Технология обработки бересты простая, инструментов минимум – пробойник, ножницы, молоток, отвёртка, трафарет (моё изобретение), главное – чтобы душа к этому лежала. Знаете, есть такая фраза: не мы выбираем, береста нас выбирает. Запало это дело в душу, значит, найдёшь с берестой общий язык, почувствуешь её энергетику. Отличительная особенность мастеров народных промыслов – они не могут не творить, и каждое последующее изделие они делают лучше, лучше и лучше. Вот только, увы, таких мастеров мало осталось.
– Вам как это дело в душу запало?
– Дело случая. Увидел мужчину с коробом, захотелось такой же сделать. Сделали с другом, методом проб и ошибок. А из остатков бересты я попробовал сделать солонки – получилось! Так, потихоньку-потихоньку, начал развиваться.
Конечно, для мастера обязательно участие в выставках. Ты там и делишься чем-то своим, и учишься у других мастеров.
– То есть среди мастеров народных художественных промыслов конкуренции нет?
– Я такого вообще никогда не встречал! Они все, как открытая книга. Всем же хочется свой промысел сохранить, своё умение передать. И музей-то я создавал, чтобы сохранить художественную обработку бересты, рассказывать о ней, показывать изделия.
Понимаете, народные промыслы – это наши корни, это духовность. Нельзя позволить им исчезнуть. Неоднократно на выставках наблюдал, как идёт человек – грустный-грустный (жизнь-то у нас невесёлая), доходит до моих работ, и у него сама собой улыбка появляется. К тому же люди уже устали от холодного, лишённого какой-либо душевности энергетики пластика, которым мы всю планету засорили, и сегодня очень так чувствуется потребность в исконных материалах. Я не только о бересте. О дереве, глине, камне, текстиле… У каждого свой материал. Нас, это точно, очень и очень тянет коням. И значит, промыслы не умрут.
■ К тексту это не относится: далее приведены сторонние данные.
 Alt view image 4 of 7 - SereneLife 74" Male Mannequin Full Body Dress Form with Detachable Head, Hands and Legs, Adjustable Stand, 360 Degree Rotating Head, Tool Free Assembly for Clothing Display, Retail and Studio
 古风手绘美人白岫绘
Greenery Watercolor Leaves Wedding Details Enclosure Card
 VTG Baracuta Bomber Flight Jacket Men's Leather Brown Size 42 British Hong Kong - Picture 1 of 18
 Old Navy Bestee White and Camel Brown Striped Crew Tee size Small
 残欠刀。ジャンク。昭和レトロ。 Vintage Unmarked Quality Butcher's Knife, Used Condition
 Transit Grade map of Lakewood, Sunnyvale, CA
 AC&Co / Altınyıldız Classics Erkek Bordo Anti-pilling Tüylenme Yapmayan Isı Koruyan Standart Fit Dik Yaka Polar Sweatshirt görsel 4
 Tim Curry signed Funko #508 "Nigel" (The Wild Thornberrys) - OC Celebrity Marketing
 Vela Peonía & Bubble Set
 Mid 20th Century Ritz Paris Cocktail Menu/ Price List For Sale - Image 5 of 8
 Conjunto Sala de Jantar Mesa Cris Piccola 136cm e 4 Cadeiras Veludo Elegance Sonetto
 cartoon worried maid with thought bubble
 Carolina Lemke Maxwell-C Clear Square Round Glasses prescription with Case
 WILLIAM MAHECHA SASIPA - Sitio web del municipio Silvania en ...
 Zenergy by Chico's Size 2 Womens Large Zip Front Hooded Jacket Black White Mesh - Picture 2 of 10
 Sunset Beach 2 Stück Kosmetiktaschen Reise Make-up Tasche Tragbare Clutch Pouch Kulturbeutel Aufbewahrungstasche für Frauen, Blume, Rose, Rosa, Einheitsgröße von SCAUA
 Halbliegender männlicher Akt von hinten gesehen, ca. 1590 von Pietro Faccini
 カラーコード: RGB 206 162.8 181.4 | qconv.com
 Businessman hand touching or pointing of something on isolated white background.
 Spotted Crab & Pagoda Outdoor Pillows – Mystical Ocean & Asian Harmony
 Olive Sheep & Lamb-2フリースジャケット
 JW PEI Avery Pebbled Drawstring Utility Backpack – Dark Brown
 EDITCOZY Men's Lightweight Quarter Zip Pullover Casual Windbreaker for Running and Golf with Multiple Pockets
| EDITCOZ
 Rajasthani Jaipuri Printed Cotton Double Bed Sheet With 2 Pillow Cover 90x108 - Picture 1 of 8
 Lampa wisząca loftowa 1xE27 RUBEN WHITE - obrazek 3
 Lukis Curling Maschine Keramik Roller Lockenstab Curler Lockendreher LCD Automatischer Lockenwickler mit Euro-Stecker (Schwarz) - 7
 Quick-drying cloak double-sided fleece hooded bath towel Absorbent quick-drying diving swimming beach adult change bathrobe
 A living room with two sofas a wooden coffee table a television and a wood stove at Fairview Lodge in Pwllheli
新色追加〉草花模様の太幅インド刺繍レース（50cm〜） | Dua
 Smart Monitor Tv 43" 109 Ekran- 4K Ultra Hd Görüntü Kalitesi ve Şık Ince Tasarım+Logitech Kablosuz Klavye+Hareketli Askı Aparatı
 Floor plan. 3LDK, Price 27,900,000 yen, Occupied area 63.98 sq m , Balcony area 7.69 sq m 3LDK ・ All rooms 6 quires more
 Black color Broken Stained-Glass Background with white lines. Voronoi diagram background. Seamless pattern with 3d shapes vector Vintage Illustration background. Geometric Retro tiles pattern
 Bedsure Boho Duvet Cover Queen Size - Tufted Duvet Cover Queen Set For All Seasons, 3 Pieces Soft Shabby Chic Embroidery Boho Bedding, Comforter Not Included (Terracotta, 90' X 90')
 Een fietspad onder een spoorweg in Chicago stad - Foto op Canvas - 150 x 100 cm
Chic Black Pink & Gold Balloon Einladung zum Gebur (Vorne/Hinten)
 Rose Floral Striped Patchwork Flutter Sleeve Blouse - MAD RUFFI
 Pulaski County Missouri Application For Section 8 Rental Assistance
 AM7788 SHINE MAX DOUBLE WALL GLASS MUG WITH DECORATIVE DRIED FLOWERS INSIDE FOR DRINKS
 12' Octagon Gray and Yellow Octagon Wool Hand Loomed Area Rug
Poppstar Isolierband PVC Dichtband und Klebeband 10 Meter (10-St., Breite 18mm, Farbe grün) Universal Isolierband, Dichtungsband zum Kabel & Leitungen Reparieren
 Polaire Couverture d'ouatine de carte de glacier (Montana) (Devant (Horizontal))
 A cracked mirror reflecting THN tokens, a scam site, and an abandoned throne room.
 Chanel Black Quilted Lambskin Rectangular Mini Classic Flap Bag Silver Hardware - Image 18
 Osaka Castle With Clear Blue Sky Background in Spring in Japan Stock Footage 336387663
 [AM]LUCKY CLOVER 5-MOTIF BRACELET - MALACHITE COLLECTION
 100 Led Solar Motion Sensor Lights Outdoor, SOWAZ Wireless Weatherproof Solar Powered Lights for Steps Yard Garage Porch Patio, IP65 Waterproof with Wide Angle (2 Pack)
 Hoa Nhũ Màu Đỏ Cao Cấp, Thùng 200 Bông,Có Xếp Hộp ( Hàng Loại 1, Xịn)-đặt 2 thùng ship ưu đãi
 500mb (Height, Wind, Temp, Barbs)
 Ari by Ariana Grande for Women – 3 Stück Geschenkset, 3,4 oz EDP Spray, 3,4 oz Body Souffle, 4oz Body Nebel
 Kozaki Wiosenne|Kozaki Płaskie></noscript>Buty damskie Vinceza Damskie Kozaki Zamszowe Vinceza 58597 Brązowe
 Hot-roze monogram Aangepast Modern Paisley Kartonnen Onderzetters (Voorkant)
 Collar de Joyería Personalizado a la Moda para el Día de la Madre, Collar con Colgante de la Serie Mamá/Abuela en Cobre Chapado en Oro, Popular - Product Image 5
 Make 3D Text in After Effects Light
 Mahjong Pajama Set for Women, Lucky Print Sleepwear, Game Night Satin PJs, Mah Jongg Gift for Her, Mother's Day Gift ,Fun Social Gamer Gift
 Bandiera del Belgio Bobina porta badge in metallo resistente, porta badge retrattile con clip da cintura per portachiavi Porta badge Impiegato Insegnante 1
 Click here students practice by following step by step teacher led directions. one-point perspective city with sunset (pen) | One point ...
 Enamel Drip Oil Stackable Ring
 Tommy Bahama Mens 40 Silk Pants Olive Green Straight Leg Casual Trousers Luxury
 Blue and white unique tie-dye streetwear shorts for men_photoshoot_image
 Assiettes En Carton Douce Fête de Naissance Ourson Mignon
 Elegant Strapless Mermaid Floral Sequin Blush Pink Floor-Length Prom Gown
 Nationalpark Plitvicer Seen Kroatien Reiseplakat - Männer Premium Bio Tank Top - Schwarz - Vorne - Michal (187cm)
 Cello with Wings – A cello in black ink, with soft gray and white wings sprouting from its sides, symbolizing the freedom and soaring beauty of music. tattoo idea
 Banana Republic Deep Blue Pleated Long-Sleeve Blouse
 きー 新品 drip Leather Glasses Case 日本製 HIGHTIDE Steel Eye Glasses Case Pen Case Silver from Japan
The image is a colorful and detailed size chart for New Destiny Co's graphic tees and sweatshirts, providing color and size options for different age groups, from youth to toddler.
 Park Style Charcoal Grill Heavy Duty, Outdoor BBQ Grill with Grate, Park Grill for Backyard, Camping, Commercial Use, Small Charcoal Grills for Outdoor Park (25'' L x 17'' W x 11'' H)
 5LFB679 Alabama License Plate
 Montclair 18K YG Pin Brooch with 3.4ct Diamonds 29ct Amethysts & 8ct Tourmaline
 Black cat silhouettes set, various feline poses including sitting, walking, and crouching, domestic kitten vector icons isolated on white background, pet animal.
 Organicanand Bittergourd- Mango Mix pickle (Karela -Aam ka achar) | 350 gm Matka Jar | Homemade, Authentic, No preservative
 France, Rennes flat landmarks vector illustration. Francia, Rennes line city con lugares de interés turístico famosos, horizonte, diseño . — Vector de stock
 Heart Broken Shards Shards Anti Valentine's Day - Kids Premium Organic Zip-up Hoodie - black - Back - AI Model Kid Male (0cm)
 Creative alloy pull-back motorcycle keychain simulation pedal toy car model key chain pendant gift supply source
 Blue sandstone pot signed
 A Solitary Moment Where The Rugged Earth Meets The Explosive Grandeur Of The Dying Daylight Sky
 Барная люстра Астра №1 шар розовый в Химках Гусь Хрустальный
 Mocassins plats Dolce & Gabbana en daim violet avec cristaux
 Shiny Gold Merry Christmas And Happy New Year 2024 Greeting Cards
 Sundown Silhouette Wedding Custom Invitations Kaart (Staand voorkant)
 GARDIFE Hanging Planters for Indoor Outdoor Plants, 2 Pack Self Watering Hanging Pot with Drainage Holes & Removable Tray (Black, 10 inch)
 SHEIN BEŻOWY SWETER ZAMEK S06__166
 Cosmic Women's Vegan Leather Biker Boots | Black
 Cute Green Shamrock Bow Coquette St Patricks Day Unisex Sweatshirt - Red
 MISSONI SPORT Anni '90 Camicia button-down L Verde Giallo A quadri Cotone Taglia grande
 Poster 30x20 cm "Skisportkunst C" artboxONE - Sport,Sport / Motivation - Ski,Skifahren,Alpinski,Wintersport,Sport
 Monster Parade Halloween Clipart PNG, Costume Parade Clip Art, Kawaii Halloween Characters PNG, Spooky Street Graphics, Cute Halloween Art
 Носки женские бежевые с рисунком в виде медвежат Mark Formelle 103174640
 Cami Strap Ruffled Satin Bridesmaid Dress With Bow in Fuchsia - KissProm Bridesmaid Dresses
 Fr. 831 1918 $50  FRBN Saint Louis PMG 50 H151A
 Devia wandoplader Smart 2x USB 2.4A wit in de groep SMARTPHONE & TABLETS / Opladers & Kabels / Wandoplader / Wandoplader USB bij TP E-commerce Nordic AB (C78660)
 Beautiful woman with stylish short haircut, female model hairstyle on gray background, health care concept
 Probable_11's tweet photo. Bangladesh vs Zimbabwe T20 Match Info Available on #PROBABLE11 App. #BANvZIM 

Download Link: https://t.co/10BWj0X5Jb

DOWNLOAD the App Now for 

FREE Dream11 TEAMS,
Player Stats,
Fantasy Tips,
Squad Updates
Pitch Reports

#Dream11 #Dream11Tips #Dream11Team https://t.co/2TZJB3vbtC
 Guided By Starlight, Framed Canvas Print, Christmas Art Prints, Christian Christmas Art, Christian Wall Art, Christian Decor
– Были бы ещё их носители.
– Да, преемственность – это больной вопрос. Потому мы и открываем музеи, проводим мастер-классы, рассказываем, показываем. Кроме того, у нас был проект «Береста шагает по Уралу» – мы с Хранителем народных художественных промыслов Свердловской области Ольгой Толстобровой ездили в Верхотурье, Арамашево, Прокопьевскую Салду, где знакомили людей с обработкой бересты. Интересно, что это, на самом деле, места бытования бурачного (берестяного) промысла, то есть он там и зародился. А теперь вот получается обратная связь. Так что пока всё хорошее идёт с низов. Но поддержка, повторюсь, мастерам очень и очень нужна!